RECORDED DATA:
[Start of Attachment]

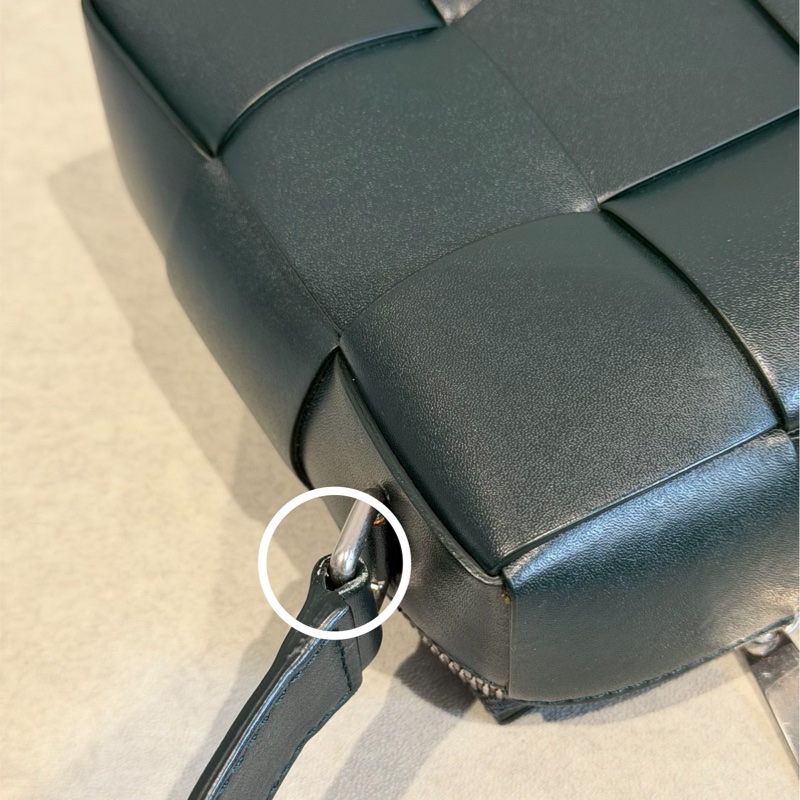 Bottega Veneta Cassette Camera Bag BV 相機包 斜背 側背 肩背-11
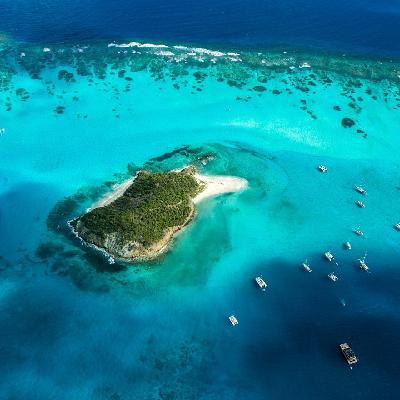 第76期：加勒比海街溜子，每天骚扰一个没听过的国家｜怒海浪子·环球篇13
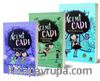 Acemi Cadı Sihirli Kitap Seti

[End of Attachment]
[Start of Attachment]

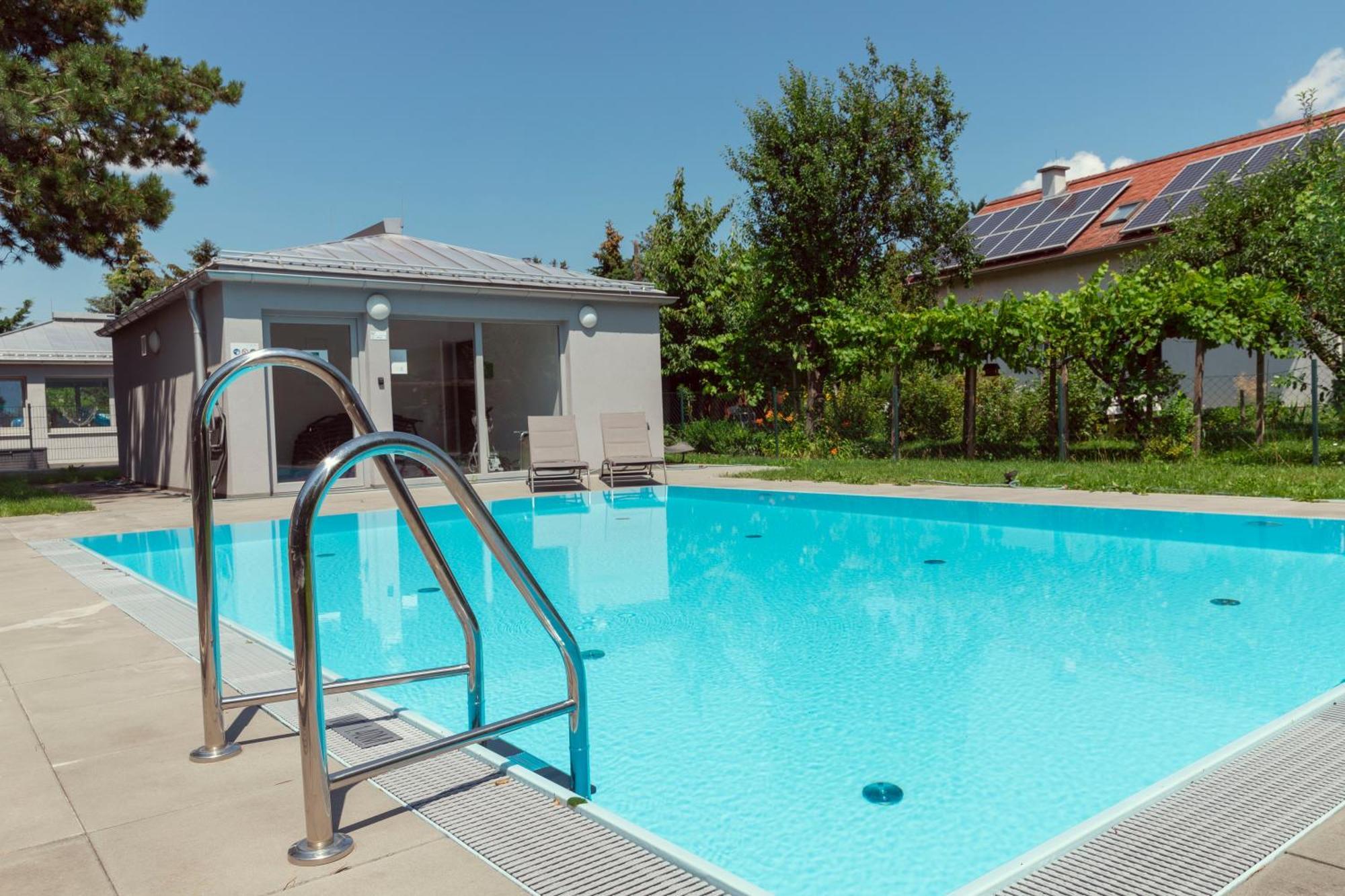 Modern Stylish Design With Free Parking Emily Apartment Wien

[End of Attachment]

ASSIGNMENT:
Copy the listing above exactly, but only from the line with "Bottega Veneta Cassette" through the line with "Acemi Cadı Sihirli Kitap Seti", including those two lines and excluding any picture.

EXERCISE ANSWER:
 Bottega Veneta Cassette Camera Bag BV 相機包 斜背 側背 肩背-11
 第76期：加勒比海街溜子，每天骚扰一个没听过的国家｜怒海浪子·环球篇13
 Acemi Cadı Sihirli Kitap Seti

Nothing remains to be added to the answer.